THE TASK
Once "A yellow building" turns up in a line below, reproduce that line and those after it exactly, stopping after the line with "Askeri üniformalı İspanyol"; leave pictures out.

RECORDED INFORMATION
--- START ---

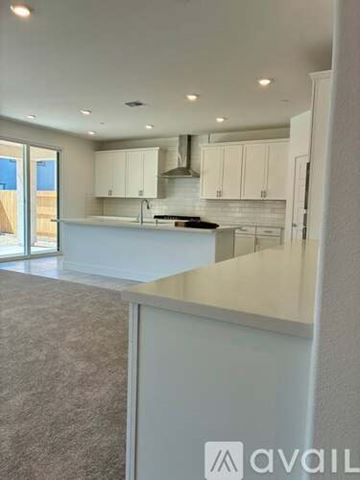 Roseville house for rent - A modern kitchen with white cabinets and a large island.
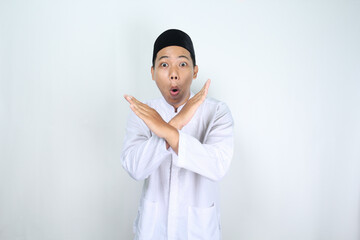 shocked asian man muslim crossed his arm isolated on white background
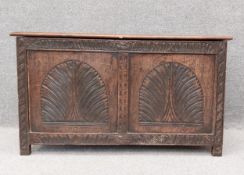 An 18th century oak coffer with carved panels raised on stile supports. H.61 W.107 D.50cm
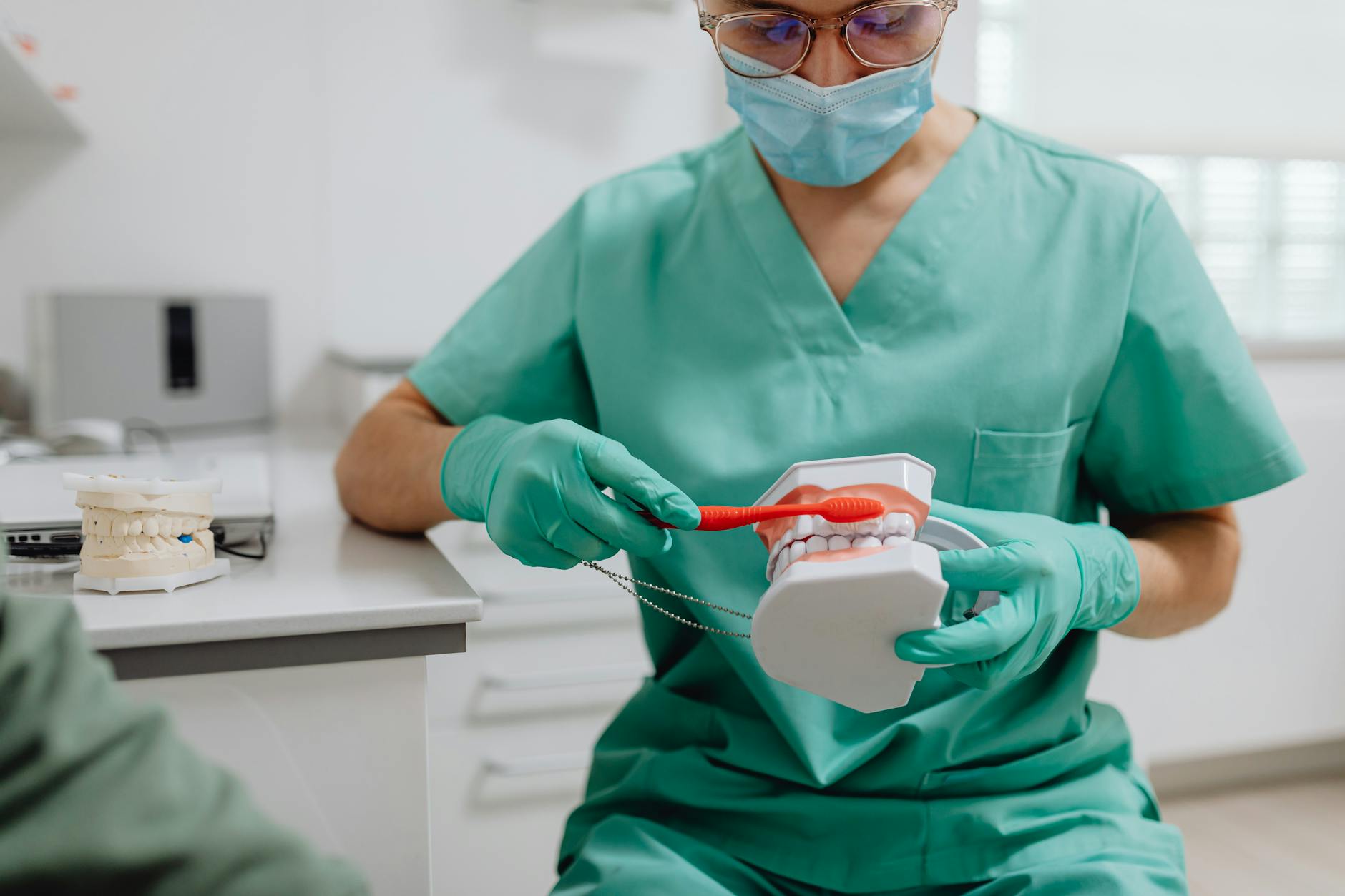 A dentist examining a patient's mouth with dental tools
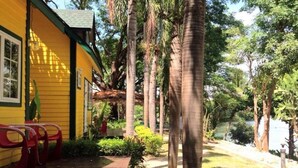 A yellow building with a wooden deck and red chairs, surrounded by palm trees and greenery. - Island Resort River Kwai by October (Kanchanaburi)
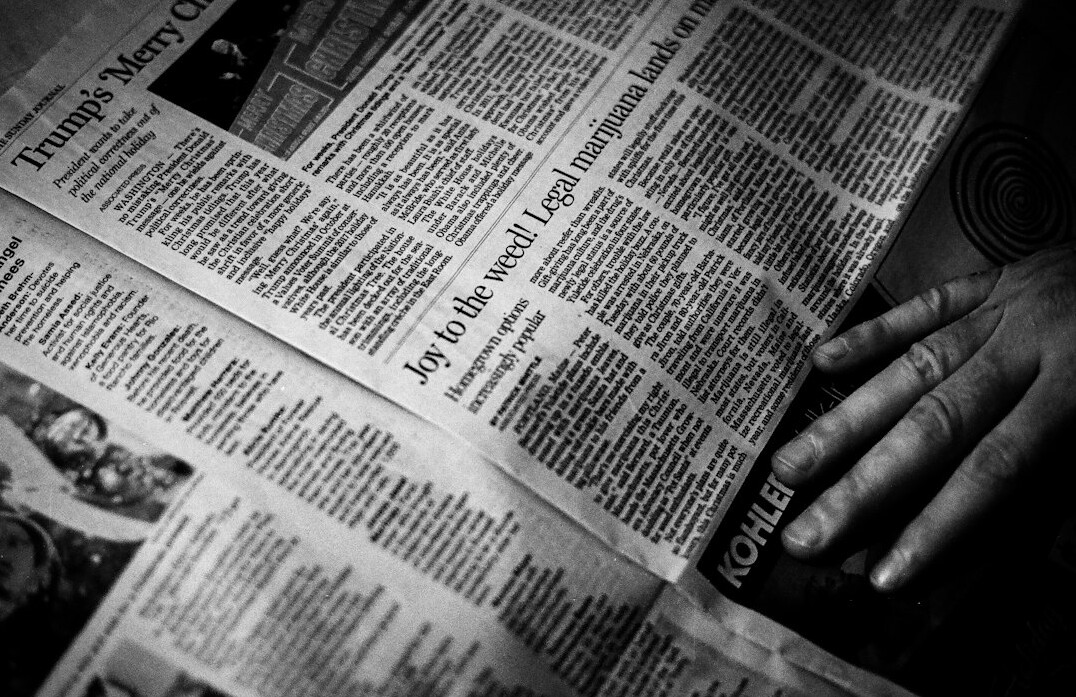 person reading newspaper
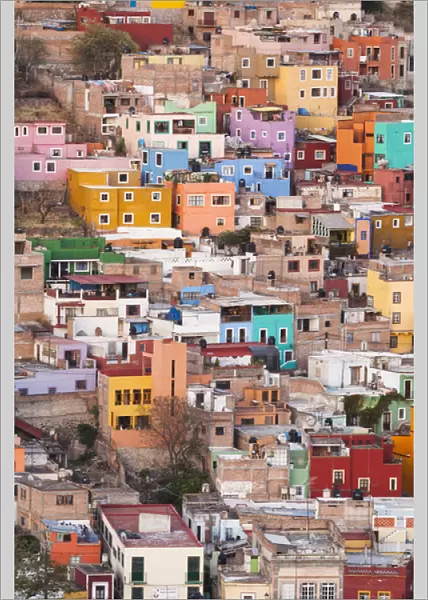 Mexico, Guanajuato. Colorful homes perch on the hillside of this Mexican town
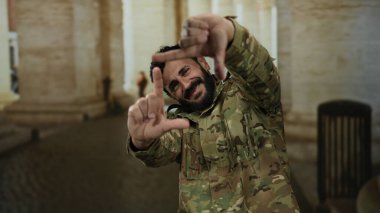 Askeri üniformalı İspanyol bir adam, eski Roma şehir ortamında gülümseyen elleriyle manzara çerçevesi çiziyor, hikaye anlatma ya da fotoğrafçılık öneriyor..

--- END ---
--- START ---

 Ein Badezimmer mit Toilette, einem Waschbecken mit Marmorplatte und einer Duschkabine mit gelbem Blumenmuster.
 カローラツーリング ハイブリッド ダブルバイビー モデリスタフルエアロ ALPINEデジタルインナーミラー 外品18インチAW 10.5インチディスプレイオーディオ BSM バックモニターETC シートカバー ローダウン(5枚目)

--- END ---

SOLUTION
 A yellow building with a wooden deck and red chairs, surrounded by palm trees and greenery. - Island Resort River Kwai by October (Kanchanaburi)
 person reading newspaper
 Mexico, Guanajuato. Colorful homes perch on the hillside of this Mexican town
 Askeri üniformalı İspanyol bir adam, eski Roma şehir ortamında gülümseyen elleriyle manzara çerçevesi çiziyor, hikaye anlatma ya da fotoğrafçılık öneriyor..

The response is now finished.